BEGIN RECORDS SUPPLIED
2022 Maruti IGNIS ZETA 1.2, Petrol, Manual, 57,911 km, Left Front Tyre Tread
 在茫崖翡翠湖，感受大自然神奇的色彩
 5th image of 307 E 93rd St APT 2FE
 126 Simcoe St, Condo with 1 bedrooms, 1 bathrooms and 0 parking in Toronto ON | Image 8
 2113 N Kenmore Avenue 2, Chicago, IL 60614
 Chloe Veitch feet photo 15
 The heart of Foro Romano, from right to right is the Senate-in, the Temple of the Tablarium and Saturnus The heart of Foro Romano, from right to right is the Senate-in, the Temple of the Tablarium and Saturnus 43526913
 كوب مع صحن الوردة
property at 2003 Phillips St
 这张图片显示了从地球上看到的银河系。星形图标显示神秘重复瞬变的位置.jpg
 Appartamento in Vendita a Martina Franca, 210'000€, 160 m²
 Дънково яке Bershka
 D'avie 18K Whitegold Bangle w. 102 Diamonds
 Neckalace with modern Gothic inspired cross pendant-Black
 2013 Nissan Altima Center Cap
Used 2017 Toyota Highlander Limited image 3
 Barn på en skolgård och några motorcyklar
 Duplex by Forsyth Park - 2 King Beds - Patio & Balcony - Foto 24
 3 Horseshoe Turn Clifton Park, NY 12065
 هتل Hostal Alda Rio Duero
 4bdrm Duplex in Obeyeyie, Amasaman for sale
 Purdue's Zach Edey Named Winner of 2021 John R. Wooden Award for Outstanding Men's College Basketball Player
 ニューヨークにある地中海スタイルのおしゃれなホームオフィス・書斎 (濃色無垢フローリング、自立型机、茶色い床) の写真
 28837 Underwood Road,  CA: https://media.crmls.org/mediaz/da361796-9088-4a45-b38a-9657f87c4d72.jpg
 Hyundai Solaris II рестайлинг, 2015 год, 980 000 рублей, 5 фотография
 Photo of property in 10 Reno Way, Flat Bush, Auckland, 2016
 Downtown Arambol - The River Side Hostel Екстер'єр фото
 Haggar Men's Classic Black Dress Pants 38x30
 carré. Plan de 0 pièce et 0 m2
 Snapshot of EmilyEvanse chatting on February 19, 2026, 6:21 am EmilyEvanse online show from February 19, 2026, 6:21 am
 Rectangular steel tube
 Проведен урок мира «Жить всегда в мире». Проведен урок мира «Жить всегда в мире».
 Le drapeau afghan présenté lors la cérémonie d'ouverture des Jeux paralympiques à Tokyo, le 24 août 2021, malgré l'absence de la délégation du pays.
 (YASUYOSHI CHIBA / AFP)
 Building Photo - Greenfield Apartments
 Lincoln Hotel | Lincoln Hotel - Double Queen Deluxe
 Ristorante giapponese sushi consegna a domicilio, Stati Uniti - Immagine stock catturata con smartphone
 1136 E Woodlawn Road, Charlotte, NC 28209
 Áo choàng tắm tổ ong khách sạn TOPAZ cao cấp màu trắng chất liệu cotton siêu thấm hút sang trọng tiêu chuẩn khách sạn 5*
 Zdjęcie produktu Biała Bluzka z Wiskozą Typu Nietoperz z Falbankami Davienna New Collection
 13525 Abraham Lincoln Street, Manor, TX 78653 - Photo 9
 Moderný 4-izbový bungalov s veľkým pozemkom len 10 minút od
END RECORDS SUPPLIED
**PROBLEM:** A word-for-word copy of the entries, from the first line through the line containing "Дънково яке Bershka", is the whole answer.

**TASK RESULT:**
2022 Maruti IGNIS ZETA 1.2, Petrol, Manual, 57,911 km, Left Front Tyre Tread
 在茫崖翡翠湖，感受大自然神奇的色彩
 5th image of 307 E 93rd St APT 2FE
 126 Simcoe St, Condo with 1 bedrooms, 1 bathrooms and 0 parking in Toronto ON | Image 8
 2113 N Kenmore Avenue 2, Chicago, IL 60614
 Chloe Veitch feet photo 15
 The heart of Foro Romano, from right to right is the Senate-in, the Temple of the Tablarium and Saturnus The heart of Foro Romano, from right to right is the Senate-in, the Temple of the Tablarium and Saturnus 43526913
 كوب مع صحن الوردة
property at 2003 Phillips St
 这张图片显示了从地球上看到的银河系。星形图标显示神秘重复瞬变的位置.jpg
 Appartamento in Vendita a Martina Franca, 210'000€, 160 m²
 Дънково яке Bershka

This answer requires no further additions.